My opinion of the Left wing groups of the mid 20th Century is that they were a mixed bunch with very different ideals. The workers wanted to keep their jobs, retain the existing industrial economy and have decent pay and conditions, hence the power of the trade unions. Then you have the moderate Labour element, many of them lost Liberals. Along with them were posse's of intellectuals who violently disagreed more than they ever agreed.

Foot was one of these, in an airy fairy land of his own, looking at the Soviet Union as the model for the UK to follow and to ally with. They did not need to attract him or to pay him, He would have done most of it for free and often would pay up some from his own pocket. When and if a Soviet agent now and again came up with a gift who could ever refuse a gesture of generosity?

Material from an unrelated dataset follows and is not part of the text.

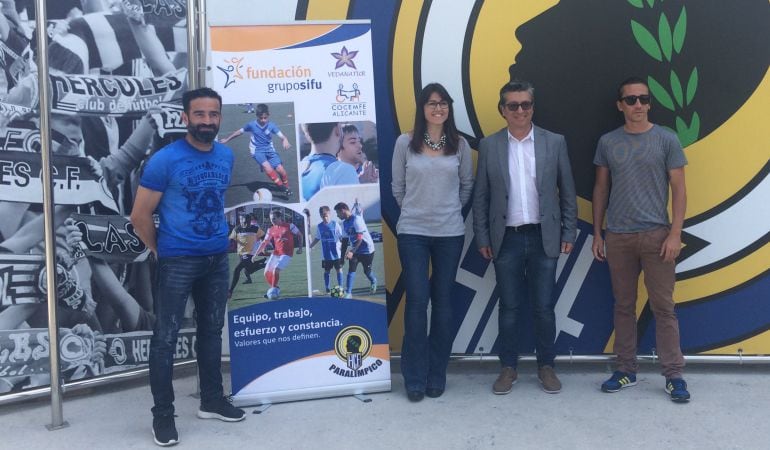 Paco Peña, el concejal Fernando Marcos, el seleccionador nacional, Jorge Peleteiro y Paloma Uriarte antes de la presentación.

Especially, if they were a couple free tickets for the Wigmore Hall or the Royal Festival Hall for something very special. I recall the rare visits of orchestras or performers from the East at Leeds, drawing audiences from afar. Much earlier, I was at the performance in 1958 when Van Cliburn, US winner of the Moscow Tchaikovsky Competition was at the Festival Hall.

So was Michael Foot, MI5, MI6 and more or less the entire Soviet embassy senior staff. It was an interesting interval.

1 comment:

  1. I agree - he was in an airy fairy land of his own. Seems to have started a tradition in that respect.